Und dann berichtete sie mir von den aufregenden Studien, die sie gerade betrieb. Davon, dass sie zu der Überzeugung gelangt war, dass es einen engen Zusammenhang zwischen dem legendären zweiten Band und einem Buch mit dem Namen ZEICHEN DER GEHEIMEN MACHT des ungarischen von-Schlichten-Schülers Ferenz Borsody geben musste.

„Ich glaube, Borsody hat den zweiten Band der absonderlichen Kulte gekannt!‟, war sie überzeugt. „Jedenfalls habe ich eine ganze Reihe von Belegen dafür gefunden. Und das nicht nur in von Schlichtens Notizen, sondern auch in seiner Korrespondenz!‟

„Und was ist hier drin?‟, fragte ich und deutete auf den Karton.

Tante Lizzy öffnete ihn.

„Kopien aus dem Nachlass Ferenz Borsodys. Ein Bekannter bei der britischen Botschaft in Wien war so freundlich, die entsprechenden Kontakte herzustellen.‟ Tante Lizzy rieb die Handflächen aneinander und setzte dann hinzu: „Ich habe nicht eine einzige Minute zu verlieren, Patti.‟

„Wieso diese Eile?‟

„Ich möchte die Sache unbedingt noch fertig haben, bevor ...‟

Sie sah mich etwas erstaunt an, runzelte dann die Stirn und kratzte sich nachdenklich am Kinn.

Ich hob die Augenbrauen.

„Was ist?‟

„Mein Gott, das habe ich dir ja noch gar nicht gesagt!‟

„Wovon sprichst du?‟

„Davon, dass ich eine kleine Reise machen werde.‟ Sie sah mich an und genoss sichtlich mein Erstaunen. Ein nachsichtiges Lächeln glitt über ihre freundlichen Züge. An den Augen hatte sie Lachfalten. „Nein, keine Sorge, ich mache nicht so ausgefallene Dinge wie du. Zum Beispiel deine Expedition in den kambodschanischen Regenwald ... Solche Dinge würde mein Herz auch nicht mehr mitmachen. Aber, was eine Reise in die schottischen Highlands angeht, ist das etwa anderes.‟

„Schottland?‟, fragte ich.

Es versetzte mir einen Stich.

Ich dachte an das düstere Schloss, sah es wieder deutlich vor meinem inneren Auge. Dunkel und drohend thronte es auf einer Anhöhe, während die Nebelschwaden wie böse Geister über den Boden krochen.
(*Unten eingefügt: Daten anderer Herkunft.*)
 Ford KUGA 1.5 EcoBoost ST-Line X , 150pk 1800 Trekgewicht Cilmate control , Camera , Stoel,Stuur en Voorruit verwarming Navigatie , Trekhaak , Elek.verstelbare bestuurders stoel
„Was ist los, Patti? Du machst ja ein Gesicht, als hätte Mr. Swann dich rausgeworfen!‟

„Es ... es ist nur, ich hatte eine Vision.‟

„Sie hat etwas ... mit mir zu tun?‟

„Ja, das heißt ...‟ Ich stockte, schloss kurz die Augen und schüttelte dann den Kopf. „Ich weiß es nicht genau. Aber ich sah ein Schloss, das im schottischen Hochland liegen könnte. Und ich spürte eine unheimliche Bedrohung, die von jenem Ort ausging ...‟ Ich seufzte hörbar und spürte dabei, wie mein Puls zu rasen begonnen hatte. Ich presste die Lippen aufeinander und versuchte, ein leichtes Zittern zu unterdrücken.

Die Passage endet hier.